Of course, quitting poetry has nothing to do with stopping writing poetry, but everything to do with opting out of the hideous adversarial rat-race that poetry, as a marketable commodity, has become.

I don’t do social media – this, in fact, is my only tokenistic concession to the idea that poets need to have an online presence. (And recently I’ve toyed with deleting it in toto).

Recently I posted a blog about how I’d noticed that young people were echoing speech patterns that made them seem much older. Apparently this was reposted on Facebook by a friend and it provoked a bit of a negative response in the poetry ‘community’ – my first taste of being berated by the Facebook poetry ‘arbiters of taste’, some of whom were from my own publishing stable.

There-in lies the rub – see, the poetry world face-to-face is such a nice and supportive place, but it’s profoundly Janus-faced.

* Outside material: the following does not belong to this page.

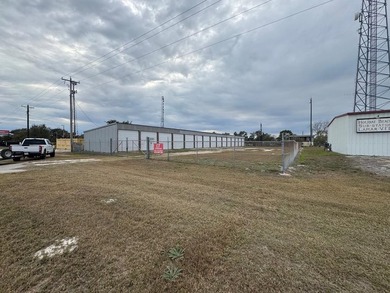 rents are $100 for current tenants and $125 for new. 9 units at - photo 1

Behind the scenes, people are getting verbally assassinated on a regular basis, and it’s mostly to do with who’s in and who’s out, who’s flavour of the month, and who’s inedible. The poetry world is a hail-fellow-well-met, fair-weather-friend realm. While you’re in, you could get away with publishing a shopping list and no-one would blink an eye, but when you’re out, nothing it seems will break through the barriers erected. And poets while they are in fashion are largely untouchable – they surround themselves with a clique of followers who will echo their opinions. The problem is, most of these followers are desperate aspirants hoping to end up in the same position. It’s an ugly symbiotic/parasitic quid pro quo thing.

That’s why I enjoyed Toby Martinez de las Rivas’s frank interview in the latest issue of The Dark Horse. As a garlanded, if (unnecessarily) controversial, Faber poet, it’s refreshing to hear him say that: An unfortunate truth about writing is that getting work published is often about being in the right place at the right time. So much of success in the poetry world now depends upon synchronicity – having the right face and back-story to fit. When I consider all of the poets I most admire, they were all people who largely shunned this limelight, though some had a chance at it.

I love reading and writing poetry, but I hate the nastily competitive, two-faced venture it’s become. We should be in thrall to the poem, not the poet and it’s such a shame we can’t see that. The poetry world really treats certain members who it thinks are of no or little use as lepers and that’s a far cry from Hamish Henderson’s idea that poetry and freedom ‘become the people’.

When I say ‘quitting poetry’ I mean eschewing the modern conception of what a poet is or should be. As far as I can see, the poet is merely the person who writes the poem, and they are only as good as the poem they are writing. It’s got nothing to do with awards or all of those silly distractions. Why lionise them beyond their latest poem?